Song by John Tavener
- Written: 1993
- Published: 1997
- Genre: Classical music
- Length: 7 minutes
- Label: Chester Music
- Composer: John Tavener

= Song for Athene =

1993 composition by John Tavener

"Song for Athene" (also known as "Alleluia. May Flights of Angels Sing Thee to Thy Rest") is a musical composition by British composer John Tavener with lyrics by Mother Thekla, an Orthodox nun, which is intended to be sung a cappella by a four-part (soprano, alto, tenor and bass) choir. It is Tavener's best known work, having been performed by the Westminster Abbey Choir conducted by Martin Neary at the funeral service of Diana, Princess of Wales, on 6 September 1997 as her cortège departed from Westminster Abbey.

Commissioned by the BBC, the piece was written in April 1993 by Tavener as a tribute to Athene Hariades, a young half-Greek actress who was a family friend killed in a cycling accident. At the time that she died, Athene Hariades was working as a teacher of English and Drama at the Hellenic College of London. Tavener said of Hariades: "Her beauty, both outward and inner, was reflected in her love of acting, poetry, music and of the Orthodox Church." He had heard her reading Shakespeare in Westminster Abbey, and after her funeral, developed the idea of composing a song which combined words from the Orthodox funeral service and Shakespeare's Hamlet. The work was published by Chester Music in 1997.

==Music and lyrics==
"Song for Athene", which has a performance time of about seven minutes, is an elegy consisting of the Hebrew word alleluia ("let us praise the Lord") sung monophonically six times as an introduction to texts excerpted and modified from the funeral service of the Eastern Orthodox Church and from Shakespeare's Hamlet (probably 1599–1601).
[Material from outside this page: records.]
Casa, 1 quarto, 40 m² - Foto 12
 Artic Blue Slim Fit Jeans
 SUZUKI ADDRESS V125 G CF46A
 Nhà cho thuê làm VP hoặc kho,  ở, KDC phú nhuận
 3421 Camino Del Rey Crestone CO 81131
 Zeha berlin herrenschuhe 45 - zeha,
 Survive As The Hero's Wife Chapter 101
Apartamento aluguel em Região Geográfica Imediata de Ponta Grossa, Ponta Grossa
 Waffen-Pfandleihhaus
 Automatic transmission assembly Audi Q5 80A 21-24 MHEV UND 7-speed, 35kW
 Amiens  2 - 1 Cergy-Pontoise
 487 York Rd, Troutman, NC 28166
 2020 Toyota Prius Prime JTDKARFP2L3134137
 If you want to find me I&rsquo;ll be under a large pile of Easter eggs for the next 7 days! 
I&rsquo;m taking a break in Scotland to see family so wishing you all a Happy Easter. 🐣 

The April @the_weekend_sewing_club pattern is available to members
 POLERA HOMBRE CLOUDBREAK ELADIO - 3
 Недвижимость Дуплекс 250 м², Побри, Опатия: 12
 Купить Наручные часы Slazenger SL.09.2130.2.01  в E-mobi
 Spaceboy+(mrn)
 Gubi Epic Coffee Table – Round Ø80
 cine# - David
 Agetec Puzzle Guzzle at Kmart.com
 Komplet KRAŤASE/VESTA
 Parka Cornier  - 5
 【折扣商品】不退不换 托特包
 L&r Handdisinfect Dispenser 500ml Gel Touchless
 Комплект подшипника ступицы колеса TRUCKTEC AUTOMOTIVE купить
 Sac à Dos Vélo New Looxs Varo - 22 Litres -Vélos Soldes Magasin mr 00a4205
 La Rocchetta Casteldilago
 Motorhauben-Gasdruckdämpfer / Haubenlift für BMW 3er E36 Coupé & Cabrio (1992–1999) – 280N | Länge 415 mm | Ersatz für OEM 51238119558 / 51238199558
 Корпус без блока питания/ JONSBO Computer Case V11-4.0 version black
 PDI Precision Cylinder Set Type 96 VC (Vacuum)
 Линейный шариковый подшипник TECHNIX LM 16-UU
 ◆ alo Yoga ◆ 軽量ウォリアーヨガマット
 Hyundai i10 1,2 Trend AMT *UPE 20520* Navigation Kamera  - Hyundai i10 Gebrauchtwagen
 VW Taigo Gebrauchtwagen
The lyrics were written by Mother Thekla (18 July 1918 – 7 August 2011), an Orthodox nun who co-founded the Orthodox Monastery of the Assumption near Whitby, North Yorkshire, and whom Tavener called his "spiritual mother". Tavener had come away from the funeral of Athene Hariades with the music of Song for Athene fully formed in his mind. He called Mother Thekla the same day, and said to her: "I want words." She sent him the lyrics by post, which arrived the next day.

The music reaches a climax after the sixth intonation of alleluia with the lines "Weeping at the grave creates the song: Alleluia. Come, enjoy rewards and crowns I have prepared for you." Alleluia is then sung a seventh time as a coda. Following the example of traditional Byzantine music, a continuous ison or drone underlies the work.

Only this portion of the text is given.